An elderly person denied access to transport is the same person denied access to health services and quality of life.

That is why all of the projects that the Tourism and Transport Forum have recommended in their submission to Infrastructure Australia are for funding in public transport. So the focus of government infrastructure funding is changing—and so it should—but so is the prioritising and the vetting of infrastructure projects. For the first time, this process is independent of government. The priority list that this legislation will fund is being prepared by the Infrastructure Australia Board, made up of representatives from the Commonwealth government, state governments, territory governments, local governments and, importantly, the private sector—people like Sir Rod Eddington from JP Morgan, Heather Ridout from the Australian Industry Group and Mark Birrell from Infrastructure Partnerships Australia, a former Victorian Liberal member of parliament.

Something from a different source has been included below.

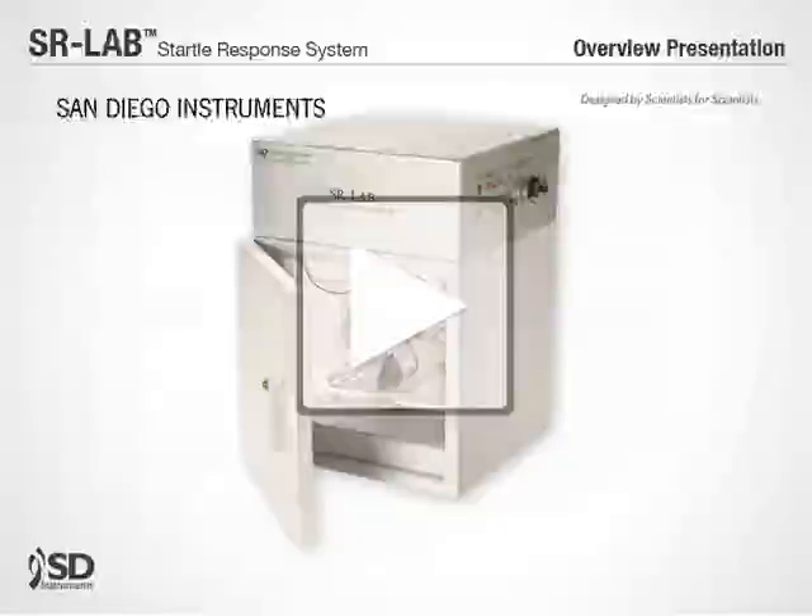Hello, and thank you for your interest in San Diego Instruments SR-Lab Startle System. The SR-Lab has evolved from the first automated startle testing system, and for more than 30 years has always been the leading choice of scientists throughout the world.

They are the ones who have been given the task of developing the country’s infrastructure priority list. This has been fast-tracked by the Prime Minister. The list will be submitted to government this week and will model and prioritise projects that strengthen the economy and improve productivity. These are the criteria that a project must meet to receive funding: (1) how does it expand Australia’s productive capacity? (2) how does it build Australia’s global competitive advantage? (3) how does it develop our cities or our regions? (4) how does it reduce greenhouse gas emissions? (5) how does it improve our quality of life? This is how the projects will be judged. They will be judged on their merit rather than on their electoral margin. It is very different to the way the previous government did business. In this debate we have heard a lot about transparency and suggestions of slush funds. I have to say that it is a bit galling to hear that from the opposition, because there is no way that John Howard would ever have adopted an independent process for determining infrastructure funding. Remember the rorts? Remember the National Audit Office report which showed that 32 projects by the previous government were approved a week before the election at two minutes before midnight? Of those 32 projects, 28 were in coalition electorates.

This process will make sure we fund projects that deliver the best return to the Australian economy, not to the member with the most marginal seat. That is why it has the support of business. Tony Shepherd, a giant of the infrastructure industry, had this to say:

The $20 billion injection into the building Australia fund is a great development of the country. Finally, at the federal level, we have a recognition of the government’s obligations in terms of the investment and development of infrastructure.

It seems to me that there are two schools of thought in this place about infrastructure: you either leave it to the state and local governments or you get in there and do the job yourself. I think the federal government should be involved. Gough Whitlam did it in 1972. The big cities of the world, cities like Tokyo, work because their national governments help to fund infrastructure. The government of Japan helps to fund Tokyo’s metropolitan transport system, which carries 86 per cent of its commuters every day. There are other governments like this all around the world, and now this national government—the Rudd government—is doing the same thing. We have established a process to get the priorities right, backed with real money. That is what this legislation is about: working together with state and local governments and the private sector to fix the major arteries of our economy, to strengthen our economy and to make our cities more efficient, more productive and better places to live. For that reason, I commend the legislation the House.